From 61cc35e2c78649e32402cc5f3718204970a5a615 Mon Sep 17 00:00:00 2001
From: Johannes Hagemann <johannes@primeintellect.ai>
Date: Mon, 7 Oct 2024 02:35:19 +0000
Subject: [PATCH] comment out print memory stuff

---
 configs/10B/H100.toml |  6 +++---
 configs/13B/H100.toml | 25 +++++++++++++++++++++++++
 src/zeroband/train.py | 14 +++++++-------
 3 files changed, 35 insertions(+), 10 deletions(-)

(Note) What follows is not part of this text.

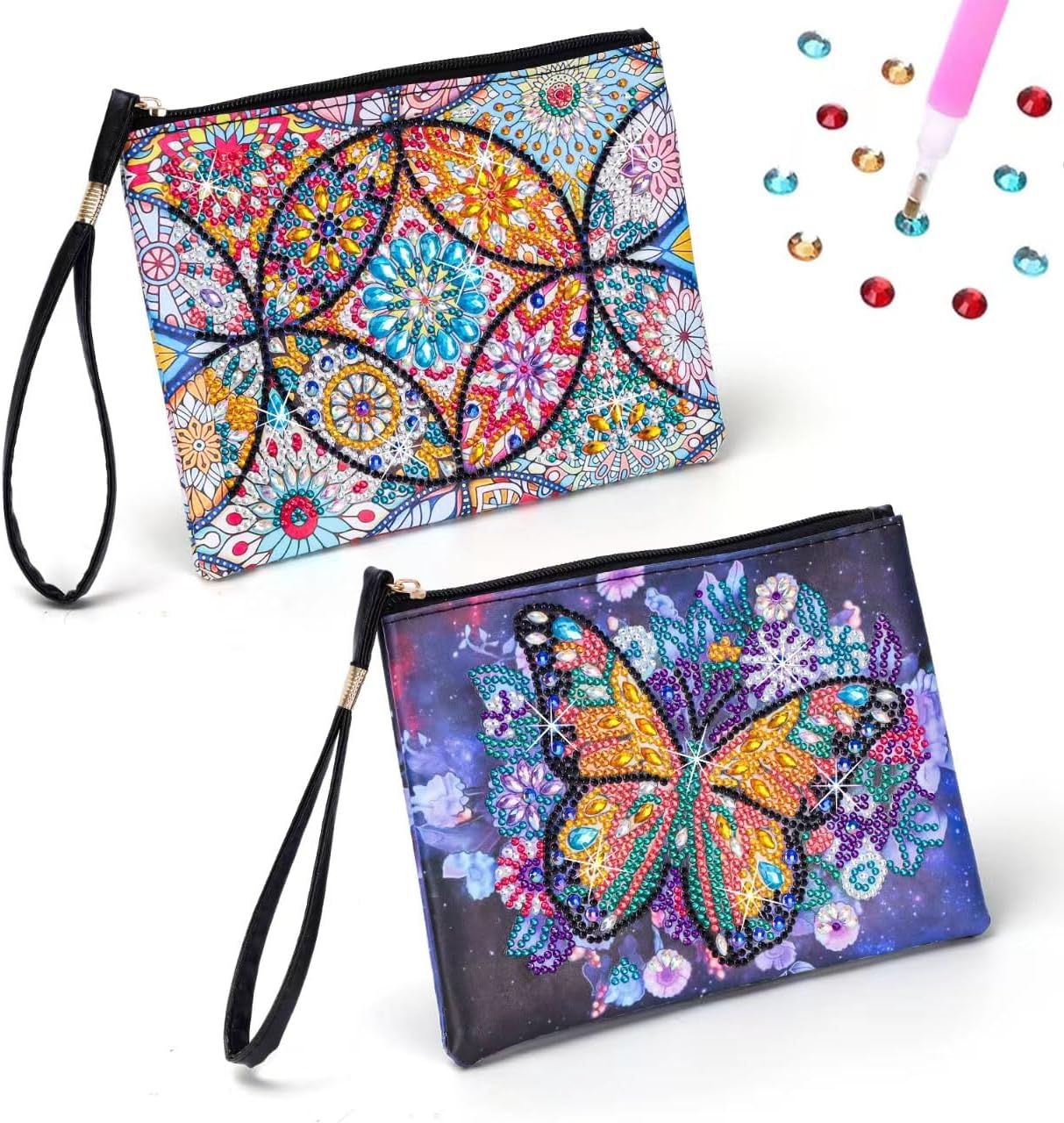 Gifts for 6 7 8 9 10 11 12 Year Olds Girls - Diamond Art and Crafts for Kids Age...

 create mode 100644 configs/13B/H100.toml

diff --git a/configs/10B/H100.toml b/configs/10B/H100.toml
index 9c92b99f..9a0edf67 100644
--- a/configs/10B/H100.toml
+++ b/configs/10B/H100.toml
@@ -2,12 +2,12 @@ name_model = "10B"
 project = "johannes_debug"
 
 [train]
-micro_bs = 2
+micro_bs = 4
 sharding_strategy = "SHARD_GRAD_OP"
-ac_ckpt = true
+# ac_ckpt = true
 # torch_compile = false
 [train.memory_profiler]
-freq = 100
+freq = 200
 snapshot_dir = "./snapshots"
 
 [optim]
diff --git a/configs/13B/H100.toml b/configs/13B/H100.toml
new file mode 100644
index 00000000..f3e854d7
--- /dev/null
+++ b/configs/13B/H100.toml
@@ -0,0 +1,25 @@
+name_model = "13B"
+project = "johannes_debug"
+
+[train]
+micro_bs = 1
+sharding_strategy = "SHARD_GRAD_OP"
+ac_ckpt = true
+# torch_compile = false
+[train.memory_profiler]
+freq = 200
+snapshot_dir = "./snapshots"
+
+[optim]
+batch_size = 128 #2M tokens bs
+warmup_steps = 1000
+total_steps = 88_000
+lr = 3e-4
+
+[data]
+seq_length = 2048
+fake = true
+
+# [ckpt]
+# interval = 10
+# path = "./ckpt"
\ No newline at end of file
diff --git a/src/zeroband/train.py b/src/zeroband/train.py
index 2cde85d6..68ac2952 100644
--- a/src/zeroband/train.py
+++ b/src/zeroband/train.py
@@ -245,21 +245,21 @@ def train(config: Config):
                 
                 model.set_requires_gradient_sync(not is_accumulating)
 
-                                # Profile memory before moving tensors to GPU
-                print(f"Memory before moving tensors to GPU: {torch.cuda.memory_allocated() / 1024 ** 2:.2f} MB")
+                # Profile memory before moving tensors to GPU
+                # print(f"Memory before moving tensors to GPU: {torch.cuda.memory_allocated() / 1024 ** 2:.2f} MB")
                 
                 input_ids = batch["input_ids"].to("cuda")
                 labels = batch["labels"].to("cuda")
                 
                 # Profile memory after moving tensors to GPU
-                print(f"Memory after moving tensors to GPU: {torch.cuda.memory_allocated() / 1024 ** 2:.2f} MB")
-                print(f"Max memory allocated: {torch.cuda.max_memory_allocated() / 1024 ** 2:.2f} MB")
+                # print(f"Memory after moving tensors to GPU: {torch.cuda.memory_allocated() / 1024 ** 2:.2f} MB")
+                # print(f"Max memory allocated: {torch.cuda.max_memory_allocated() / 1024 ** 2:.2f} MB")
 
                 # with model.no_sync() if is_accumulating else nullcontext():
                 logits = model(tokens=input_ids).contiguous()
                 
                 # Profile memory after the forward pass
-                print(f"Memory after forward pass: {torch.cuda.memory_allocated() / 1024 ** 2:.2f} MB")
+                # print(f"Memory after forward pass: {torch.cuda.memory_allocated() / 1024 ** 2:.2f} MB")
 
                 flatten_logits = rearrange(logits, "b seq vocab -> (b seq) vocab")
                 flatten_labels = rearrange(labels, "b seq -> (b seq)")
@@ -272,7 +272,7 @@ def train(config: Config):
                 loss_batch += loss.detach()
 
                 # Profile memory after backward pass
-                print(f"Memory after backward pass: {torch.cuda.memory_allocated() / 1024 ** 2:.2f} MB")
+                # print(f"Memory after backward pass: {torch.cuda.memory_allocated() / 1024 ** 2:.2f} MB")
 
             clip_grad_norm_(model.parameters(), 1.0) # gradient clipping
             # model.clip_grad_norm_(1.0)  
@@ -363,7 +363,7 @@ def train(config: Config):
         if config.train.memory_monitor:
             logger.info(f"outer step peak gpu stats: {gpu_mem_monitor.format_peak_states()}")
 
-        print(f"Max memory allocated so far: {torch.cuda.max_memory_allocated() / 1024 ** 2:.2f} MB")
+        # print(f"Max memory allocated so far: {torch.cuda.max_memory_allocated() / 1024 ** 2:.2f} MB")
 
         if training_progress.step >= config.optim.total_steps:
             # we only allow to break outisde of the inner loop.